In a dramatic speech on the Senate floor in late July, Specter announced his personal support for the bill, explaining that he no longer thinks the administration’s policies enable scientists to pursue the “truly magnificent, truly remarkable properties” of stem cells taken from days-old human embryos. Yet we are still denied a vote.
Our nation’s top scientists are eager to go forward with embryonic stem-cell research. By studying how stem cells are transformed into the whole gamut of specialized cells (muscle cells, heart cells, etc.), scientists expect to gain valuable insights into the processes that lead to Parkinson’s disease, cancer and other medical conditions. In addition, they expect that embryonic stem cells could offer an endlessly renewable source of replacement cells and tissues for treating everything from burns to spinal cord injuries to osteoarthritis.
Today, however, much of this promise and potential is at risk. We now know that all 22 stem-cell lines available under President Bush’s restrictive policy are contaminated with mouse feeder cells, making them dangerous for use in humans. Since the president announced his policy, arbitrarily banning stem-cell lines created after Aug. 9, 2001, scientists have made great advances in deriving stem-cell lines. Many of the new lines were grown without mouse feeder cells.
As a consequence, the United States — the world’s leader in biomedical research — is being left behind as Great Britain, Singapore and South Korea move forward aggressively with embryonic stem-cell research. I recently talked with Dr. Woo Suk Hwang, the world’s leading scientist in this field. He is dismayed that his peers in the United States have been left on the sidelines because of the administration’s restrictive policies.
Shouldn’t our top scientists be allowed to study new embryonic stem-cell lines? We don’t require our astronomers to explore the heavens with 19th century telescopes, and we don’t require our geologists to study the Earth with a tape measure. If we are serious about realizing the promise of stem-cell research, our biomedical researchers need access to the best stem-cell lines available, as long as they meet stringent ethical requirements.
Our aim is to pass H.R. 810 without amendments, so we can send it directly to the president’s desk. But there’s a problem. The White House opposes this legislation, and powerful Republicans are maneuvering to kill the bill. To that end, they are trying to muddy the waters. They want the Senate to vote on six, seven or more bills, some of which have nothing to do with stem-cell research.
Their strategy is to convince Senators that instead of supporting H.R. 810, they can vote for a different bill that promotes alternative methods of deriving stem cells. They figure that if they can peel off enough Senators from H.R. 810, this will keep us from getting the 60 votes we need to stop a filibuster.

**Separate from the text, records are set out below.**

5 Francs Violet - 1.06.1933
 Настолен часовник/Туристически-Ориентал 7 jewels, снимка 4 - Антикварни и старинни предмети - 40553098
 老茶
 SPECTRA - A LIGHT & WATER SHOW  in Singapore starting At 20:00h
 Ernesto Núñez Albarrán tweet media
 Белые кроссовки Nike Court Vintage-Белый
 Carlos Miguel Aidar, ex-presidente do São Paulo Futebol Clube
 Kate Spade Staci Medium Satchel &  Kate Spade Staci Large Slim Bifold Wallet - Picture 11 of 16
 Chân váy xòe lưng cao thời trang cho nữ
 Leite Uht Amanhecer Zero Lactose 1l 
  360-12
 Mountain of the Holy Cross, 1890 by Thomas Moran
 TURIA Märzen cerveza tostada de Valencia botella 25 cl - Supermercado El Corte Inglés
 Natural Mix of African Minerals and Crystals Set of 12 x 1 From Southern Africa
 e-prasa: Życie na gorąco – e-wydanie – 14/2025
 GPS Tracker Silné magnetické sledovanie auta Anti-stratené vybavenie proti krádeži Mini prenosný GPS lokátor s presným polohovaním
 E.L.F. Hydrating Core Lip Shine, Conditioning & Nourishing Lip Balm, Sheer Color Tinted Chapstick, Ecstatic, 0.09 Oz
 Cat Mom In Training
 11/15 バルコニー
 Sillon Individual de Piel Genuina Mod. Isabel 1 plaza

Let’s be clear: These alternative approaches are currently nothing but theories. They are hypothetical, speculative and totally unproven. By contrast, we know how to derive embryonic stem cells.
None of the additional stem-cell lines would require the creation of new embryos. These lines could be derived from any of the more than 400,000 embryos left over from fertility treatments — embryos that would otherwise be discarded. The choice before us is to discard unwanted embryos as medical waste, or to use them in research to cure diseases and save lives. It is the second choice, I believe, that is truly respectful of human life.
Should we pursue the various alternative methods? Of course we should. But it is foolish to impede medical research on existing human embryonic stem-cell lines while these more speculative methods are explored.
As I write this, people we love are dying from Parkinson’s and Amyotrophic Lateral Sclerosis. Children are suffering from juvenile diabetes. People are unable to walk due to spinal cord injuries. These people don’t have 10 years to wait and see if alternative methods pan out. They need help now.
At a public rally supporting H.R. 810, actor Michael J. Fox, who has Parkinson’s disease, was asked what advice he would give to Bush on H.R. 810. His answer was: “Carpe diem” — seize the day.
For millions of Americans, this is a matter of life and death. They can’t wait any longer for our top scientists to realize the full potential of stem-cell research. There is no excuse for further delay in the Senate. We must have a vote on H.R. 810 this fall.
Sen. Tom Harkin (D-Iowa) is a member of the Health, Education, Labor and Pensions Committee.